PyTorch Mobile
Definition
PyTorch Mobile is the family of tools and runtimes that brings PyTorch-trained models to Android and iOS devices without requiring a server or cloud connection. It preserves the PyTorch development experience — researchers and engineers train in the familiar eager-mode Python API, then export their models through either the TorchScript or the newer ExecuTorch pathway for on-device deployment. This tight coupling between training and deployment environments reduces the surface area for numerical discrepancy bugs that often emerge when switching between frameworks.
The historical deployment path centers on TorchScript, a statically-typed subset of Python that can be compiled and serialized to a platform-independent format (.ptl for mobile). TorchScript supports two compilation modes: tracing, where a sample input is passed through the model and the executed path is recorded, and scripting, where Python control flow is analyzed statically. Both produce a ScriptModule that can be loaded by the LibTorch C++ runtime embedded in the mobile SDK.
Google and Meta jointly developed ExecuTorch as the next-generation framework for running PyTorch models at the edge. ExecuTorch introduces a portable execution format (.pte), a minimal C++ runtime (under 50 KB for simple models), and first-class support for delegation to hardware backends including Qualcomm AI Engine, Apple Neural Engine, Arm Ethos NPUs, and Cadence DSPs. ExecuTorch is designed for production use and supersedes the original PyTorch Mobile runtime for new projects requiring broad hardware portability and minimal binary size.
How it works
TorchScript Tracing and Scripting
Tracing (torch.jit.trace) runs a sample input through the model and records the sequence of tensor operations, producing a static computation graph. Tracing is simple and covers most standard architectures, but it captures only the execution path for the given input — data-dependent control flow (if statements, loops that vary with input values) will be silently baked in. Scripting (torch.jit.script) analyzes the Python source with a TorchScript type checker and preserves control flow, making it correct for models with branching logic. In practice, hybrid approaches are common: script the top-level module while tracing inner submodules that have no dynamic control flow.

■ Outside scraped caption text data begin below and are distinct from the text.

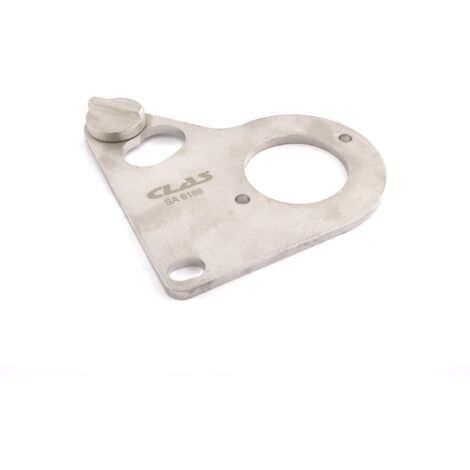 Outil de positionnement arbre à cames OEM EN 48332, MOT 1769, MOT 1969 - SA 6186 - CLAS Equipements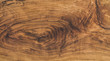 © sonyakamoz - Olive wood slab texture, background or wallpaper
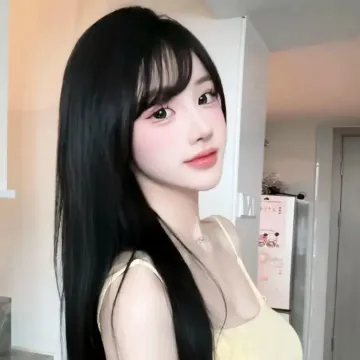 用户小林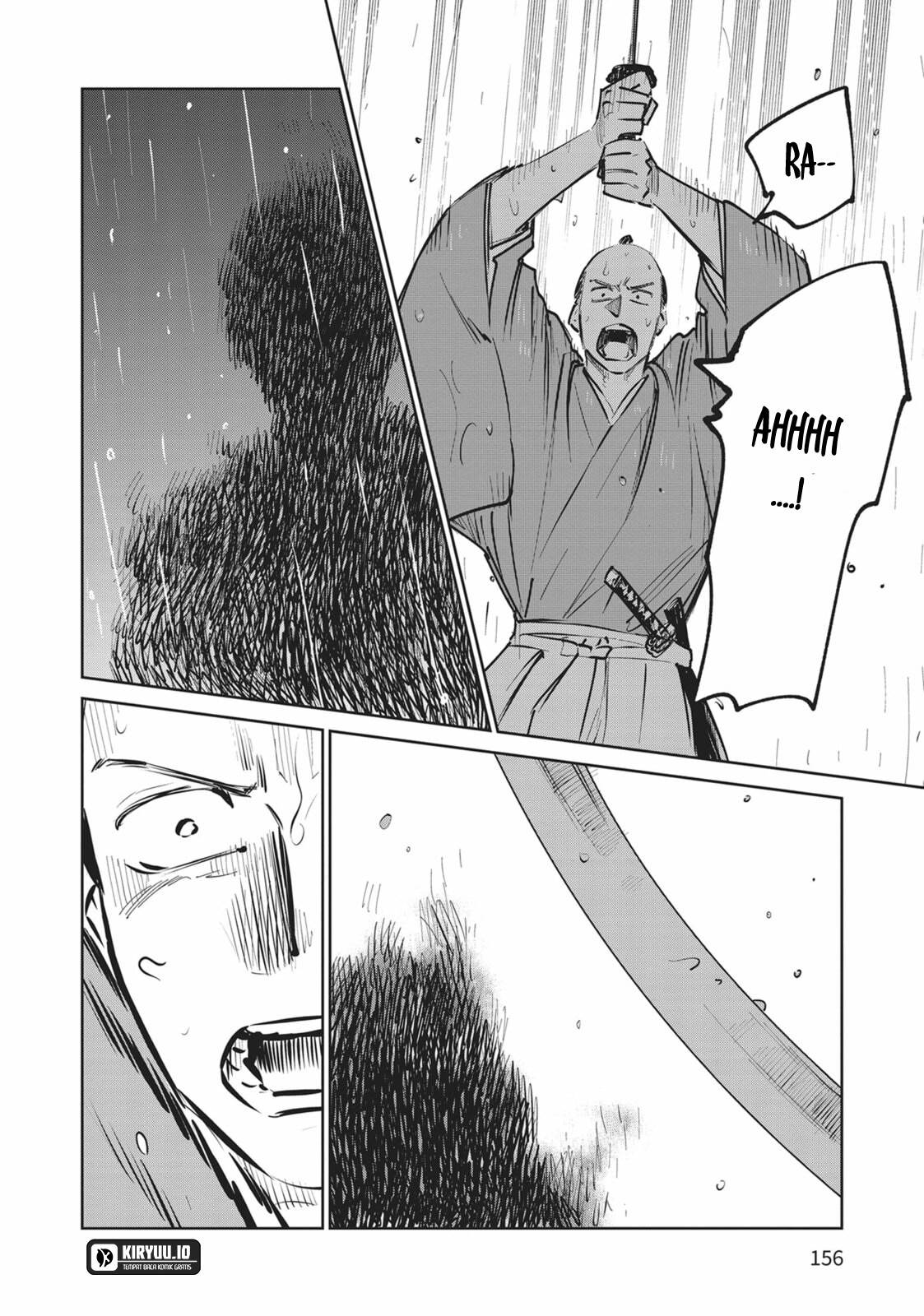 image-komik-kijin-gentoushou-chapter-29-16/28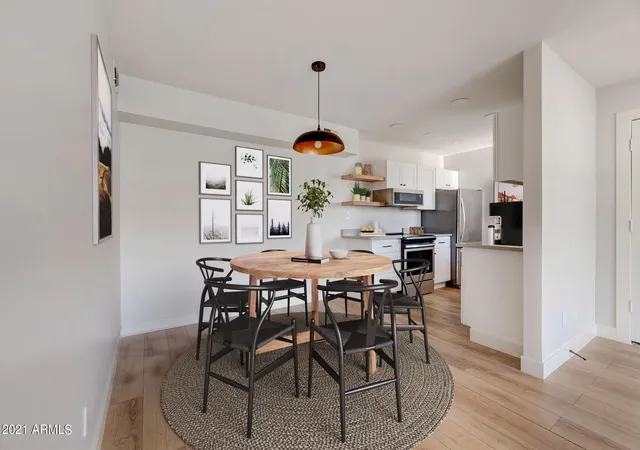 6480-n-82nd-st-2201-scottsdale-az-85250/hzid_6e42c23d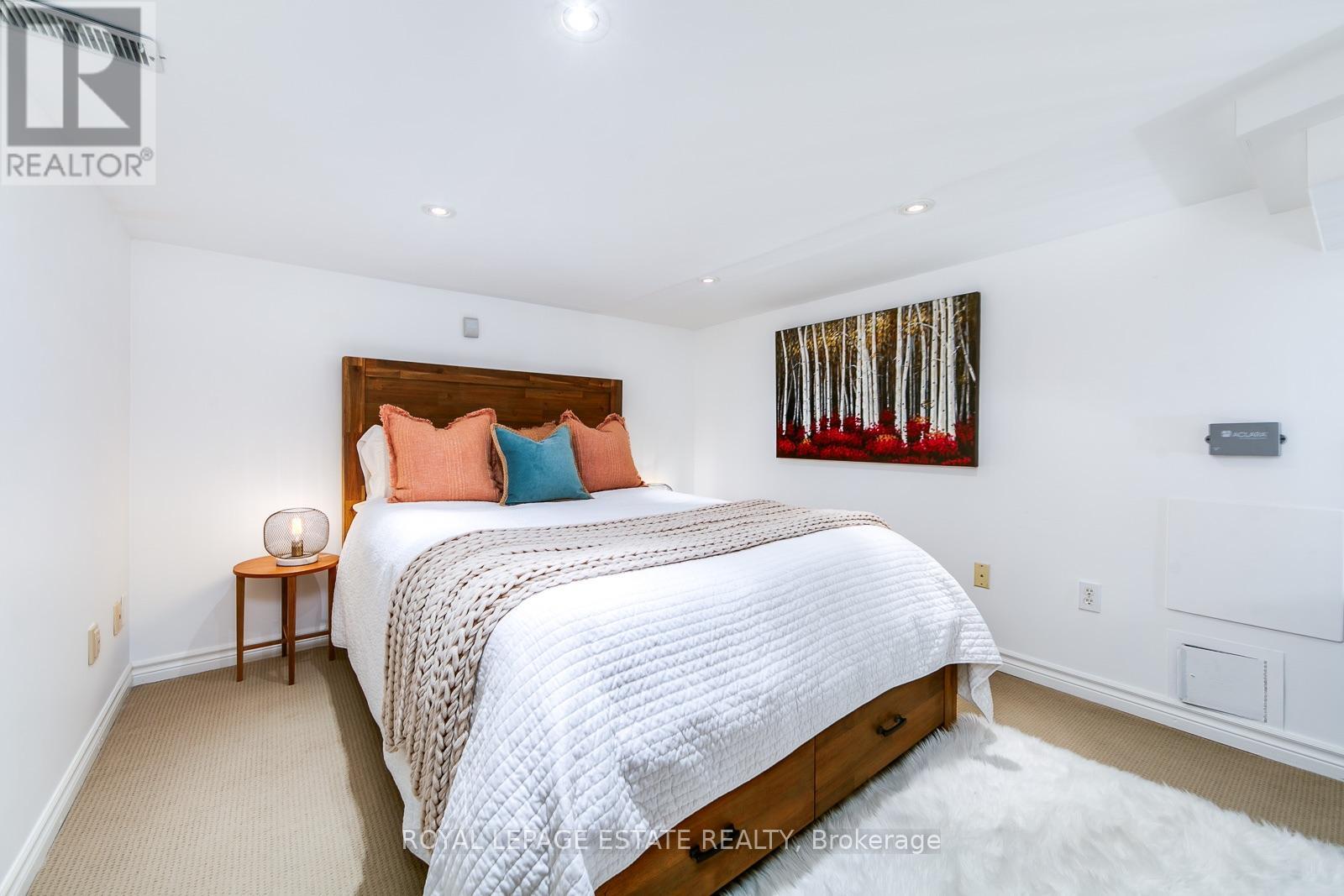 80 Elmer Avenue, Toronto, Ontario  M4L 3R7 - Photo 46 - E13765230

ExecuTorch Export Pipeline
ExecuTorch uses torch.export.export to capture a strict, side-effect-free representation of the model in ATen IR — a canonical set of PyTorch operators guaranteed to have well-defined semantics. The exported program is then lowered to the Edge IR via to_edge, which performs backend-specific graph passes (operator decomposition, layout propagation). Backends (delegation targets) can claim subgraphs during the to_backend step, replacing them with hardware-specific implementations. The final artifact is serialized to a .pte flatbuffer that is loaded by the ExecuTorch C++ runtime, which requires no dynamic memory allocation during inference.
Optimization: Quantization and Pruning
PyTorch offers post-training static and dynamic quantization through torch.quantization (legacy) and the newer torch.ao.quantization namespace. Static INT8 quantization requires a representative calibration dataset and reduces model size by ~4x with 2-3x latency improvement on ARM CPUs. Quantization-aware training (QAT) inserts FakeQuantize nodes into the forward graph during fine-tuning, allowing the model to adapt its weights to INT8 precision. Pruning (torch.nn.utils.prune) removes individual weights or entire channels based on magnitude or structured criteria, reducing the effective compute load before quantization. Both techniques can be combined: prune first to reduce channels, then quantize to reduce precision.
Mobile Runtime and Platform Integration
The .ptl bundle produced by optimize_for_mobile includes operator fusing optimizations and strips unused operators from the operator registry, reducing binary footprint. The Android SDK (pytorch_android) is published to Maven Central and exposes a Kotlin/Java API. The iOS SDK is distributed as a CocoaPod or Swift Package and provides Objective-C and Swift bindings. Both SDKs wrap the same LibTorch C++ core. ExecuTorch targets the same platforms but exposes a leaner C API and also supports bare-metal embedded targets. The torch::executor::Module class provides a minimal execute() API that operates directly on pre-allocated EValue tensors, avoiding JNI-style overhead.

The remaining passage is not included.